The term broadcasting describes how numpy treats arrays with different shapes during arithmetic operations. Subject to certain constraints, the smaller array is “broadcast” across the larger array so that they have compatible shapes. Broadcasting provides a means of vectorizing array operations so that looping occurs in C instead of Python. It does this without making needless copies of data and usually leads to efficient algorithm implementations. This notebook also provides hints on when and when not to use broadcasting.

numpy operations are usually done element-by-element which requires two arrays to have exactly the same shape:

In [16]:
from numpy import array
a = array([1.0, 2.0, 3.0])
b = array([2.0, 2.0, 2.0])
a * b


array([2., 4., 6.])

numpy’s broadcasting rule relaxes this constraint when the arrays’ shapes meet certain constraints.
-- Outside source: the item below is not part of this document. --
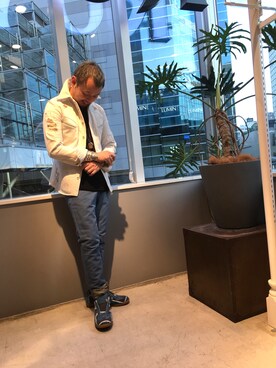 「08sircus（ゼロエイトサーカス）のアイテム」を使った、Koutaro Makitaさん（メンズ・170cm）の春コーディネート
The simplest broadcasting example occurs when an array and a scalar value are combined in an operation:

In [7]:
a = array([1.0,2.0,3.0])
b = 2.0
a * b

array([2., 4., 6.])

Scalar b being stretched during the arithmetic operation into an array with the same shape as a. The new elements in b are simply copies of the original scalar. The stretching analogy is only conceptual. numpy is smart enough to use the original scalar value without actually making copies so that broadcasting operations are as memory and computationally efficient as possible. Because second example moves less memory, (b is a scalar, not an array) around during the multiplication, it is about 10% faster than Example 1 using the standard numpy on Windows 2000 with one million element arrays.

##### The Broadcasting Rule:
###### In order to broadcast, the size of the trailing axes for both arrays in an operation must either be the same size or one of them must be one.

In [17]:
a = array([[ 0.0,  0.0,  0.0],
           [10.0, 10.0, 10.0],
           [20.0, 20.0, 20.0],
           [30.0, 30.0, 30.0]])
b = array([1.0, 2.0, 3.0])##4 added
a+b

array([[ 1.,  2.,  3.],
       [11., 12., 13.],
       [21., 22., 23.],
       [31., 32., 33.]])

In [11]:
a = array([0.0, 10.0, 20.0, 30.0])
b = array([1.0, 2.0, 3.0])
a[:,newaxis] + b

array([[ 1.,  2.,  3.],
       [11., 12., 13.],
       [21., 22., 23.],
       [31., 32., 33.]])

Here the newaxis index operator inserts a new axis into a, making it a two-dimensional 4x1 array. The stretching of both arrays to produce the desired 4x3 output array.